I won't say it is a must, because you can solve a problem with the tool you have, and might be a valid solution for your environment. I guess it is more a matter of the processes than the tool itself. Making sure your process is coherent and also allows you to go back in time to reproduce any intermediate step/state is the goal, and the plus is that the tool let you run you your process and SCMP as painless as possible
The one scenario I can see it is handy to have this 'inheritance' behavior and use the power of the config spec, is when you want your set of changes "isolated" mapped to a task (devtask, CR, SR, or whatever defines the purpose/scope of your change set)
Using this composition allows you to have your development branch clean and still use different combination (using composition) of the rest of the code, and still have only what is relevant for the task isolated in a branch during the whole life cycle of the task, just until the integration phase.
Being purist having to commit/merge/rebase just to have a "defined starting point" , I guess it would 'pollute' your branch and you will end up with your changes + others changes in your branch/change set.
When/Where this isolation is useful?
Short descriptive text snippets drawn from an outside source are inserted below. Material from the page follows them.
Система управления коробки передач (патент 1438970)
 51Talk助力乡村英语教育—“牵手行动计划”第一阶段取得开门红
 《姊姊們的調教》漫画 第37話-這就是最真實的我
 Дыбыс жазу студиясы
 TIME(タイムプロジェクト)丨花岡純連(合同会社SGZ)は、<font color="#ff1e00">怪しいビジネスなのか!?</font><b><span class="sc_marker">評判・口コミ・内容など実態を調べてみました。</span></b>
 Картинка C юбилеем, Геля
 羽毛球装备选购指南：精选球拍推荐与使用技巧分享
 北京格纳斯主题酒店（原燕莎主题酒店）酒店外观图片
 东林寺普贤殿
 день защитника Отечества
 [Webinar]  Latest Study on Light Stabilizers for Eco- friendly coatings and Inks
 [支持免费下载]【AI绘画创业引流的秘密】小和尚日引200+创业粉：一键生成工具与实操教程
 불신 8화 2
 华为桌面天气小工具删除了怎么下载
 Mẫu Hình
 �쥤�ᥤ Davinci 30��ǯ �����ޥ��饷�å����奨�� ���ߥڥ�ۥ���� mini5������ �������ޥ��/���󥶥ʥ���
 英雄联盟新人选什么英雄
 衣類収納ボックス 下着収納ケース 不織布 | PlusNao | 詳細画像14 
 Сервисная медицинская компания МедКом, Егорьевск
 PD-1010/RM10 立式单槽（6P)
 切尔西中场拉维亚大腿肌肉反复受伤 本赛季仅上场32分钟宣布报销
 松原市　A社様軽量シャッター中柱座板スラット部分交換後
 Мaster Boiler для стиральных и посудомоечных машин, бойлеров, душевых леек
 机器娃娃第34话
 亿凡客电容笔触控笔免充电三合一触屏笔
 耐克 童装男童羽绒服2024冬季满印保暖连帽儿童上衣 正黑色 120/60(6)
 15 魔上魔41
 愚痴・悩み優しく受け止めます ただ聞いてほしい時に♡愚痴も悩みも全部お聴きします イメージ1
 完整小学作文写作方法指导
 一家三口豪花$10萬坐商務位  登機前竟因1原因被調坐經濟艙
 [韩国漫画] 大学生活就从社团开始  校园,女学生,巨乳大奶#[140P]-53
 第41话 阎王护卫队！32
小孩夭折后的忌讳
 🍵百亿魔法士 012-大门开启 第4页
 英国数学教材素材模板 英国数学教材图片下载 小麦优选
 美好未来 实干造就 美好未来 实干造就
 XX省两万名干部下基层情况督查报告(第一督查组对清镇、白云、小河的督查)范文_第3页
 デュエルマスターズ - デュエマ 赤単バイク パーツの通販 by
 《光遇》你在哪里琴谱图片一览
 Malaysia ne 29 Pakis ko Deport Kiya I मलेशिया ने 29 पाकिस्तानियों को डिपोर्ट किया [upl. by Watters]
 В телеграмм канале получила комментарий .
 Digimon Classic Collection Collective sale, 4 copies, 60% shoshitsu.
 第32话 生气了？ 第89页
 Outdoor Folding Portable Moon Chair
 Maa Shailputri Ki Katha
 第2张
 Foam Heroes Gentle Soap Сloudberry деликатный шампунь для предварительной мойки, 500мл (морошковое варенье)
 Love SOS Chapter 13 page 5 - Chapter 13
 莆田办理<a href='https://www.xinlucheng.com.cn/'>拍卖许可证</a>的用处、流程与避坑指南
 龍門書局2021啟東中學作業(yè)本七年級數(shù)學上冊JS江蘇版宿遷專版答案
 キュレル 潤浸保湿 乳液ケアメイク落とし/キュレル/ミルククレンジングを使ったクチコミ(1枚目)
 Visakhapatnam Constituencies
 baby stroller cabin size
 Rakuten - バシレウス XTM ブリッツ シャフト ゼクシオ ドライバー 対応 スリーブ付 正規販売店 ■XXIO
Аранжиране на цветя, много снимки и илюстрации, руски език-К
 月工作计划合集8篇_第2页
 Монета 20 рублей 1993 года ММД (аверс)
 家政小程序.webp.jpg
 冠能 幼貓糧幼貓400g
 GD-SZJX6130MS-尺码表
The points bellow might only make sense on the context of companies pursuing CMM and some ISO certifications, and might be of no interest for other kind of companies or OSS
Being really picky, you might want to accurately count the lines of code (added/modified/deleted) of the change set corresponding to a single developer, later used as one input for code and effort estimations.
It can be easier to review the code at different stages, having just your code in a single branch (not glued with other changes)
On big projects with several teams and +500 developers actively working concurrently on the same base code, (where graphical individual element version trees looks like a messy tangled web with several loadlines, one for each big customer, or one for each technology ) large config specs using composition of several degrees in depth made this amount of people work seamlessly to adapt the same product/system (base code) to different purposes. Using this config spec, dynamically gave each team or sub team, a different view to what they need and from where they need to branch of, (cascading on several cases) without the need of creating intermediate integration branches, or constantly merging and rebasing all the bits that you need to start with. Code from the same task/purpose was branching of different labels but made sense. (You can argue here the 'known baseline' as a principle of the SCM but simple labels contemplated in a written SCM Plan did the work) It must be possible to solve this with GIT (I guess in a non dynamic way) but I find really hard to picture without this 'inheritance' behavior. I guess the point mentioned by VonC "if branched, all its files will branch from the same unique starting point" was broken here, but beside it was well documented on the SCMP, I remember there were strong business reason to do it that way.
Yes building these config specs that I mentioned above was not free, in the beginning there where 4-5 well paid people behind the SCM but were later reduced by automated scripts that asked you what you want on terms of labels/branches/features and will write the CS for you.
The reproducibility here was achieved by just saving the Config Spec along with the task in the devTask system, so each task upstream mapped to requirements, and downstream mapped to a config spec, an a set of changes (code files, design documents, test documents etc)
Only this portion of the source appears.